23 June 2024

Girl, 2000

She
H. Rider Haggard

A lowbrow classic, She is a book for schoolboys of all ages from twelve to... well, two thousand, I suppose. I can’t imagine any woman of any age ever wanting to read it, but despite this apparent handicap, Rider Haggard’s famous adventure story is one of the most popular novels ever written, with over 100 million copies sold. It’s a specimen – perhaps the specimen – of what used to be called a Rattling Good Yarn, and oozing, too, with that all-important Sex Interest, which Haggard ladles on in part-sublimated Pre-Raphaelite dollops (you know the kind of thing – the Blessed Damozel leaning bosomily over the Bar of Heaven, Waterhouse’s Lamia with one tit frankly out, looking like butter wouldn’t melt in her mouth). It must have caused unnumbered nocturnal emissions, voluntary and involuntary, in the public-school dormitories of its day.
    Indeed, the formula has been more than good enough to keep us reading for well over a century, for though Haggard’s titillatory efforts seem merely funny today, the central character herself has an erotic power that cannot be denied. Jung held that Ayesha, the eponymous She, was one of the purest depictions of the anima in literature: a woman as near immortal as dammit and so appallingly beautiful that a single glimpse of her face is enough to enslave you and destroy your sanity, yet whose favour is also the key to untold wisdom, riches and power if only you can win it. 
    Everyone knows the story, or at least the outline of it. Since its first serialization in the Graphic, an English popular magazine of the era, it has appeared in multitudinous guises from feature film to comic strip to BBC radio drama, and inspired countless imitations (Indiana Jones is a descendant). To tell the truth, though, I didn’t find Ayesha nearly as eldritch or as archetypal as advertised; in fact I found myself liking her better and better as the story went on.

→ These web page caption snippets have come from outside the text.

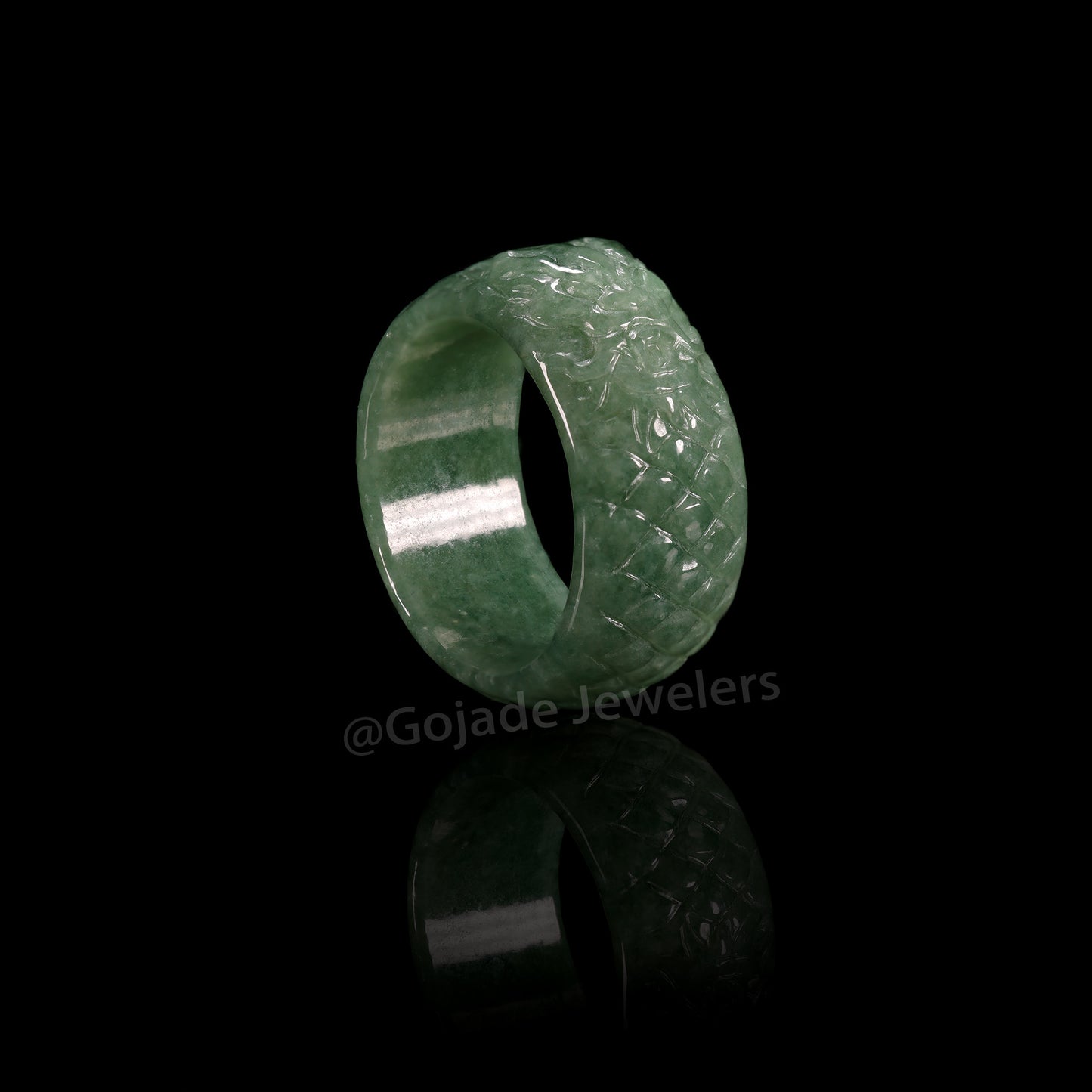 Certified Dragon Ring Burma 100% Natural A JADE Jadeite Circle RING 龙戒指 US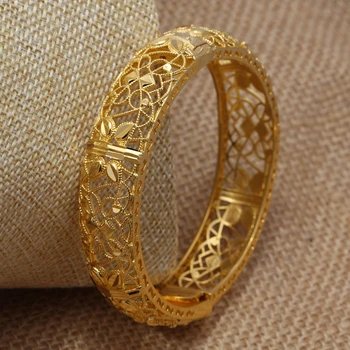 

Bangles African Nigeria Dubai Gold Color Bangles For Women Girl Copper jewelry wedding Bracelet Jewelry african Bride jewelry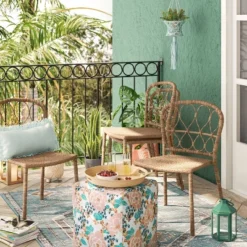 4pc Britanna Wicker Rattan Outdoor Patio Dining Chairs Arm Chairs Brown - Opalhouse™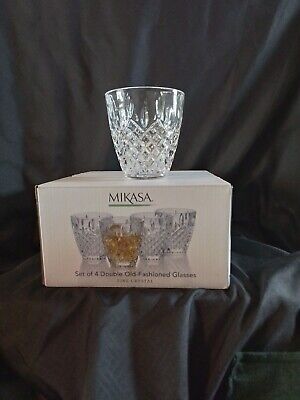 Mikasa Crystal Harding Double Old Fashioned Whiskey Glasses Set Of 4 • 30$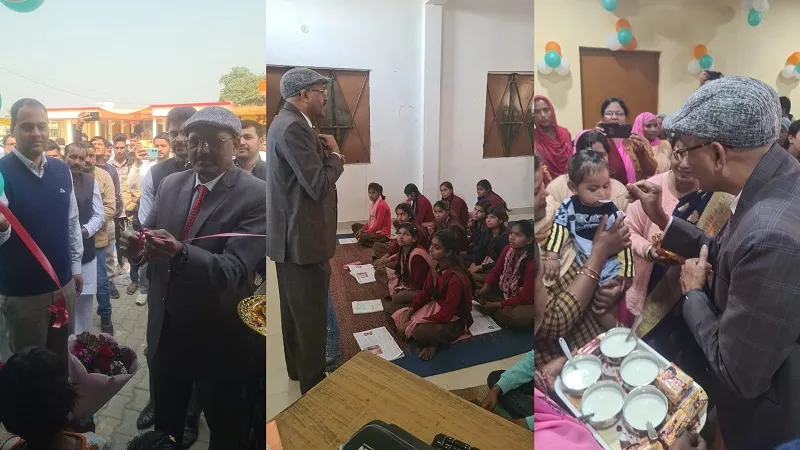 Moradabad News : मंडलायुक्त-डीएम ने स्मार्ट आंगनबाड़ी केंद्र का फीता काटकर किया शुभारंभ, बच्चों से की बातचीत  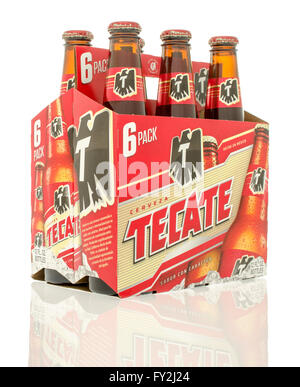 Winneconne, Wisconsin - 10. Januar 2016: ein six-Pack Tecate Bier. Stockfoto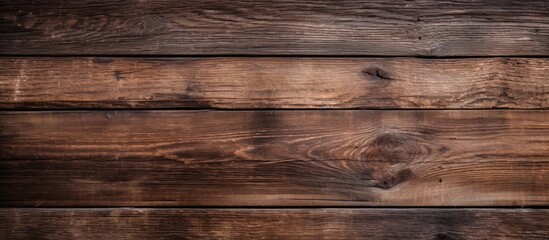Naklejka premium A weathered, brown wooden texture creating a rustic wood background with copy space image.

She’s a girl of sturdy and loyal character, even if she doesn’t think twice about torturing deserving cases in her catacombs or giving love-rivals the kind of drop-dead look that actually works. 
    I wish I’d read She when I could have appreciated it properly – before, that is, age, experience and the countless other books I’ve read spoilt the innocent pleasure I might have taken in it at, say, age fourteen. I still enjoyed it well enough, though I had to skip through a few over-amped passages of description here and there, and put up with the fictional narrator’s half-baked amateur philosophizing. There’s a surprising amount of purple in Rider Haggard’s passages, some of it arguably fatal to the tension or excitement he is trying to build up; much of this occurs around the middle of the book and looks suspiciously like padding. Perhaps the author was simply trying to meet his contracted word-count-per-episode for the Graphic.
    Apart from a short but evocative nautical episode near the beginning, the writing only really comes to life after Ayesha enters the story – halfway through the book, in the middle of a lot of cod-philosophy about people growing more cynical as they get older, and suchlike. The later chapters, in which she transforms from villainess to heroine, are by far the best of the book, full of genuinely exciting scenes and images.
    She is the kind of novel that
 excites the contempt of intellectuals, and the long-outworn familiarity of its tropes – a product, lest we forget, of its own vast success – obviously works against it as far as the present-day reader is concerned, but it remains a pretty good read for all that. Ayesha may not truly have been immortal in the flesh, but as a literary creation – and a manifestation of the collective unconscious – she will never die.